►

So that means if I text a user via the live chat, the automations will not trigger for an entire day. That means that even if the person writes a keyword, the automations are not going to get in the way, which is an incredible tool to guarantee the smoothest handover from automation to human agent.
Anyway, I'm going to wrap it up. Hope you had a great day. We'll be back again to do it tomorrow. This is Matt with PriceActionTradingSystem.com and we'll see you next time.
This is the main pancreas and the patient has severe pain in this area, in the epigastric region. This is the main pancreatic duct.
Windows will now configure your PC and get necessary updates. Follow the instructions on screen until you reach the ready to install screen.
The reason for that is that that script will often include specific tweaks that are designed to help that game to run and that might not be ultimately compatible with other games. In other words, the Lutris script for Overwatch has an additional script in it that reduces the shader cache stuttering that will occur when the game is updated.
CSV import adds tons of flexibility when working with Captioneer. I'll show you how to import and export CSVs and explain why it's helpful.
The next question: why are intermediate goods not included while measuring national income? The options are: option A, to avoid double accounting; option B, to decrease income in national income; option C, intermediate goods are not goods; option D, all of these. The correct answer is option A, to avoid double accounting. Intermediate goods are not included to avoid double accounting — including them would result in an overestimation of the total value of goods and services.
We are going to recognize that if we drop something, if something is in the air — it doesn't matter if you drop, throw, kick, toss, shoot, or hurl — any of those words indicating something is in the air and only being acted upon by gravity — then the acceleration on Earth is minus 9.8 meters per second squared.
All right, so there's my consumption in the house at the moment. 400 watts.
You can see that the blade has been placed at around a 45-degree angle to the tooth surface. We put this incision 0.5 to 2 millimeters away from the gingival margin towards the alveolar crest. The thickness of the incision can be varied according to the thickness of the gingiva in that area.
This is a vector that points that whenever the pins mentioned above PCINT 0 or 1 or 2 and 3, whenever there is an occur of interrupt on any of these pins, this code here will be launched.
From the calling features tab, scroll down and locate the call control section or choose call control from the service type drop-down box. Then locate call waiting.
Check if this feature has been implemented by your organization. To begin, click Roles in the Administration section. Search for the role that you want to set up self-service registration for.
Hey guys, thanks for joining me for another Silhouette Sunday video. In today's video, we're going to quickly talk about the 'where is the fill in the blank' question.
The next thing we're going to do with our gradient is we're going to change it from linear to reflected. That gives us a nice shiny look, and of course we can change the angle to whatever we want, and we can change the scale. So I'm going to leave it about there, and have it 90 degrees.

◄

Would you write out the listing above exactly, in full?

▸ **PROBLEM SOLUTION**:
So that means if I text a user via the live chat, the automations will not trigger for an entire day. That means that even if the person writes a keyword, the automations are not going to get in the way, which is an incredible tool to guarantee the smoothest handover from automation to human agent.
Anyway, I'm going to wrap it up. Hope you had a great day. We'll be back again to do it tomorrow. This is Matt with PriceActionTradingSystem.com and we'll see you next time.
This is the main pancreas and the patient has severe pain in this area, in the epigastric region. This is the main pancreatic duct.
Windows will now configure your PC and get necessary updates. Follow the instructions on screen until you reach the ready to install screen.
The reason for that is that that script will often include specific tweaks that are designed to help that game to run and that might not be ultimately compatible with other games. In other words, the Lutris script for Overwatch has an additional script in it that reduces the shader cache stuttering that will occur when the game is updated.
CSV import adds tons of flexibility when working with Captioneer. I'll show you how to import and export CSVs and explain why it's helpful.
The next question: why are intermediate goods not included while measuring national income? The options are: option A, to avoid double accounting; option B, to decrease income in national income; option C, intermediate goods are not goods; option D, all of these. The correct answer is option A, to avoid double accounting. Intermediate goods are not included to avoid double accounting — including them would result in an overestimation of the total value of goods and services.
We are going to recognize that if we drop something, if something is in the air — it doesn't matter if you drop, throw, kick, toss, shoot, or hurl — any of those words indicating something is in the air and only being acted upon by gravity — then the acceleration on Earth is minus 9.8 meters per second squared.
All right, so there's my consumption in the house at the moment. 400 watts.
You can see that the blade has been placed at around a 45-degree angle to the tooth surface. We put this incision 0.5 to 2 millimeters away from the gingival margin towards the alveolar crest. The thickness of the incision can be varied according to the thickness of the gingiva in that area.
This is a vector that points that whenever the pins mentioned above PCINT 0 or 1 or 2 and 3, whenever there is an occur of interrupt on any of these pins, this code here will be launched.
From the calling features tab, scroll down and locate the call control section or choose call control from the service type drop-down box. Then locate call waiting.
Check if this feature has been implemented by your organization. To begin, click Roles in the Administration section. Search for the role that you want to set up self-service registration for.
Hey guys, thanks for joining me for another Silhouette Sunday video. In today's video, we're going to quickly talk about the 'where is the fill in the blank' question.
The next thing we're going to do with our gradient is we're going to change it from linear to reflected. That gives us a nice shiny look, and of course we can change the angle to whatever we want, and we can change the scale. So I'm going to leave it about there, and have it 90 degrees.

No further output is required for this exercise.